Marx’tan ‘İnsanlar ancak çözebilecekleri sorunları önlerine koyarlar’ örneğinin verilmesi boşa değildir. Cedideciler’in Demokrasi, Felsefe ve İnsan’da olduğu gibi Doğa’da da sorunu çözmediklerini anlatmaya çalışır örneklerle. Aslında önlerine koymaya çalışmışlardır ama, doğanın yükü ağır gelmiştir omuzlara. Gerisini Hikmet Kıvılcımlı’dan okuyalım: ‘Edebiyat-ı Cedideciler için doğa eksik bir kavramdır… Gerçek anlamıyla bir doğa aramayın. Tüm güzelliği, çirkinliği, bereketi, çoraklığı, uysallığı, azgınlığı, yaratışı, yok edişi, devasa kudretleri ve kahredici yasalarıyla tüm bir doğa, E.C’ciler için bilinmeyen bir dünyadır… Tesadüfen yolumuz bu hayal ülkesine düşerse görürüz ki, orada hemen hemen: Yalnız gurub, yalnız gece, yalnız sonbahar, yalnız kış, kar, tipi, yağmur ve çamur vardır. Koskoca doğanın bu manzaralar dışındaki parçaları, öteki mevsimleri, başka olayları sanki kalmamıştır… ve güzelim apaydınlık yüce doğayı hasta benliklerden ibaret gören, ruhlarının zifiri boyasıyla evreni karartmaya kalkışan E.C şairleri kuruntu ettikleri yapay bir doğa karşısında ya denize bakıp dalga geçerler ya da göğe bakıp yıldızlara dilekçe yazarlar.’

4-İnsan

Halktan bu kadar uzak olan dönem edebiyatçıları, burjuva bakışıyla anlatabilir mi bizim insanımızı? Emeklerini, nasırlarını, açlığını, hastalığını, annesini, ölen babasını görebilir mi halkının gözünde? Peki halk? Acaba kendini görebilmiş midir şaşalı kelimeler arasında?

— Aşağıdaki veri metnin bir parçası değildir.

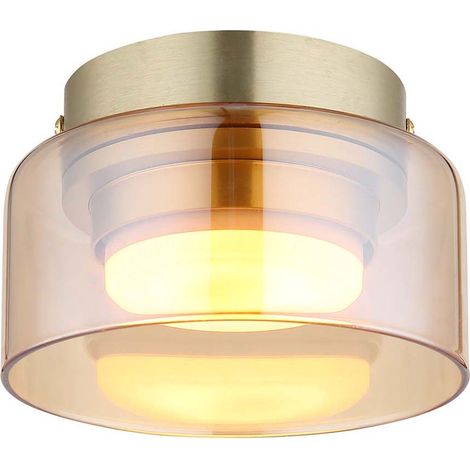 Plafonnier lampe de salle à manger couleur ambre doré 1 lumière LED D 13 cm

‘E.C dünyasının maddesi erkek, ruhu kadındır… Fakat, dikkat ediniz, Cedideciler nasıl sanki madde hiç yokmuş ve bütün evren ruhmuş gibi konuşuyorlarsa, tıpkı öyle, Cedide edebiyatında da hemen hemen erkek yok gibidir. Hatta orada, yalnız erkeği değil, genel olarak insanı zor bulursunuz: Bütün konular, bütün sahneler kadın doludur. İnsanın yerini hep kadın tutmuştur! Kadın ise… huri, melek, peri, çiçek, bebek olabilir.’

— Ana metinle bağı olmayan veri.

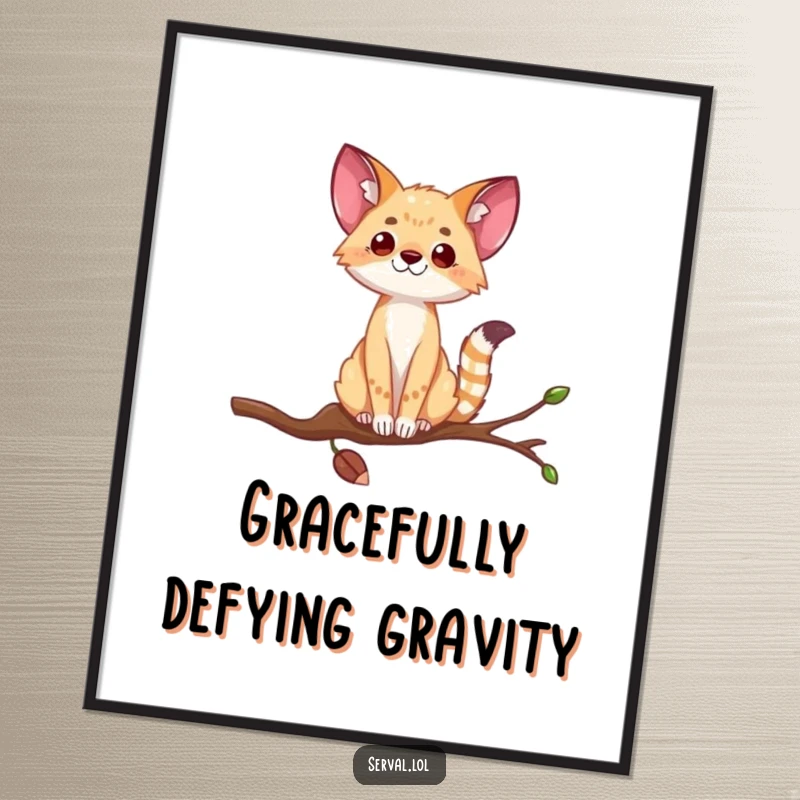 Funny serval poster showing a wild cat balancing on a slender branch, a humorous illustration of nature's acrobatic wonders.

Mart sayısında yazdığımız gibi, Edebiyat-ı Cedide'nin Otopsisi, 'Edebiyat-ı Cedide' isimli bir şiir dergisinin, hapisteyken Kıvılcımlı'nın eline geçmesi üzerine yazılıyor. Sadece bu örnek bile, dergiciliğin edebiyat alanındaki önemine büyük bir işaret bırakıyor. 1861’de çıkan Mecmua-i Fünun’dan günümüze kadar binlerce edebiyat ve sanat dergisinin basıldığı, büyük bir çoğunluğunun kısa süre sonra kapanmak veya kapatılmak zorunda bırakıldığı Türkiye’de, 'dergicilik' ayrı ve çok kapsamlı bir yazının konusudur. Ancak, Sanat Cephesi’nin bu alandaki konumunu tarif edebilmemiz için, kısa hatırlatmalar yapalım...

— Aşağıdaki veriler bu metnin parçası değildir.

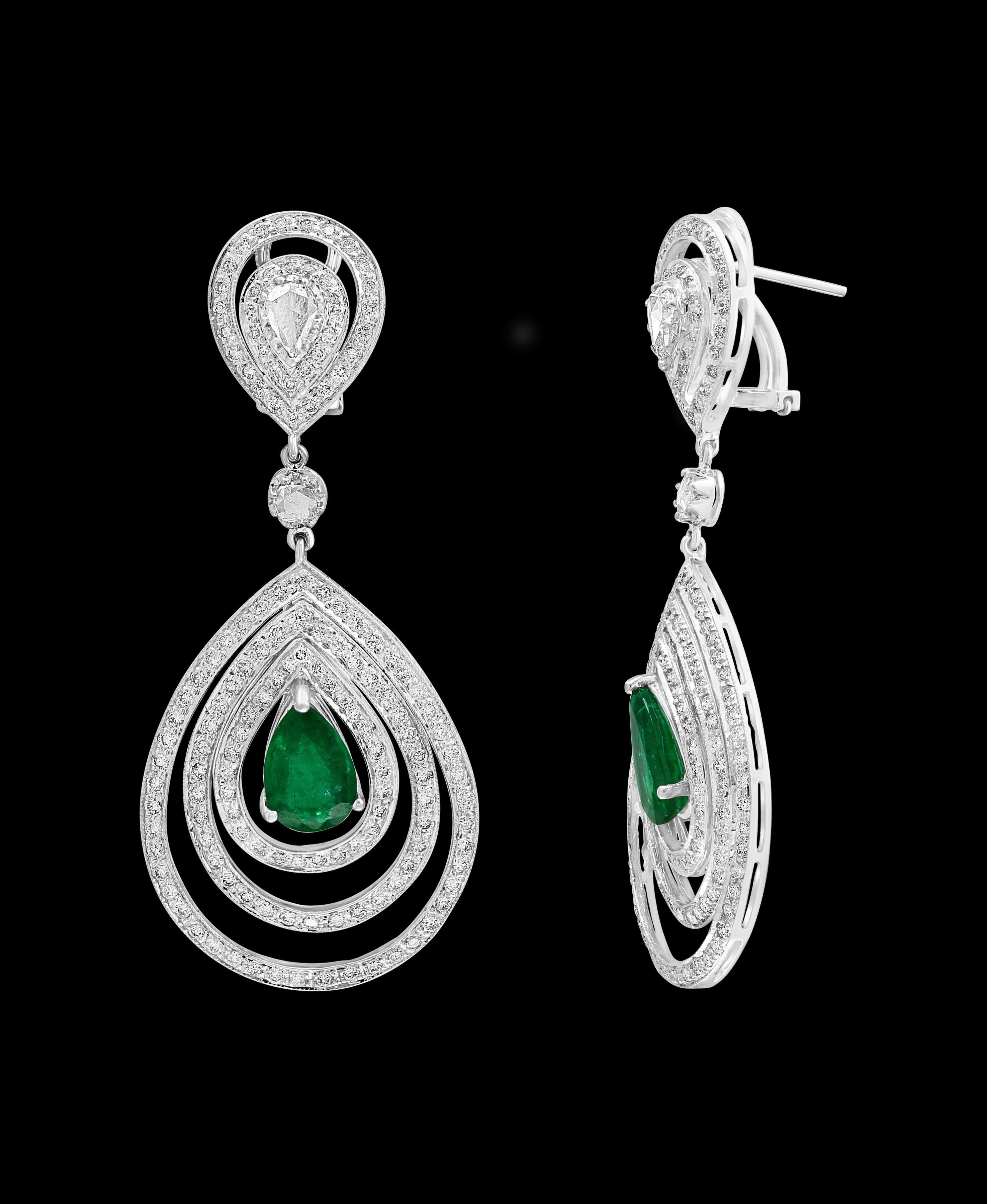 GIA Certified 4.2Ct Zambian Pear Emerald Diamond Hanging/ Drop Earrings 18K Gold 5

1911 çıkışlı 'Genç Kalemler' ve 1913 çıkışlı 'Halka Doğru' dergilerini başlangıç noktası olarak alırsak, – bu iki dergi de Batı özentili bir çizgi çizmiştir- iz bırakan dergilerin azlığı, üzerinde durulması gereken bir konudur. Dönemi içinde edebiyata yön vermiş, akımların oluşmasına kaynaklık etmiş, bugün 'üstad' sayılan o dönemin genç edebiyatçılarına sayfalarını açmış bu dergilerin günümüzde bile koleksiyonunun yapılması, doğru işler yaptıklarını kanıtlıyor. Bugün kıyasıya eleştirilen edebiyat akımlarının oluştuğu bu dergiler, ülkemizdeki dergiciliğin gelişimine veya gerilemesine de tanıklık sağlıyor...

Nazım Hikmet'in 'Putları Yıkıyoruz' u yayınladığı Resimli Ay (1923-1933), 1936-1938 arasında çıkan ve Salâh Birsel, Dağlarca, Sait Faik gibi o dönemin genç edebiyatçılarına yer veren Gündüz, Aziz Nesin ve Nazım Hikmet'in (Nurettin Eşfak takma adıyla) emek verdiği ve sıkıyönetim tarafından kapatılan Ses (1939-1948), yine kadrosunda Nazım Hikmet (İbrahim Sadri takma adıyla), Cahit Irgat, Orhan Kemal, A.Kadir gibi isimlerin bulunduğu Yürüyüş, Aziz Nesin ve Sabahattin Ali'nin Markopaşa'sı, Cemal Süreya'nın Papirüs'ü, 1933'den beri yayın hayatına devam eden en uzun soluklu edebiyat dergisi ünvanlı Varlık, 'edebiyat ve sanat dergiciliği' denince bir çırpıda sayacağımız, iz bırakan dergilerdir.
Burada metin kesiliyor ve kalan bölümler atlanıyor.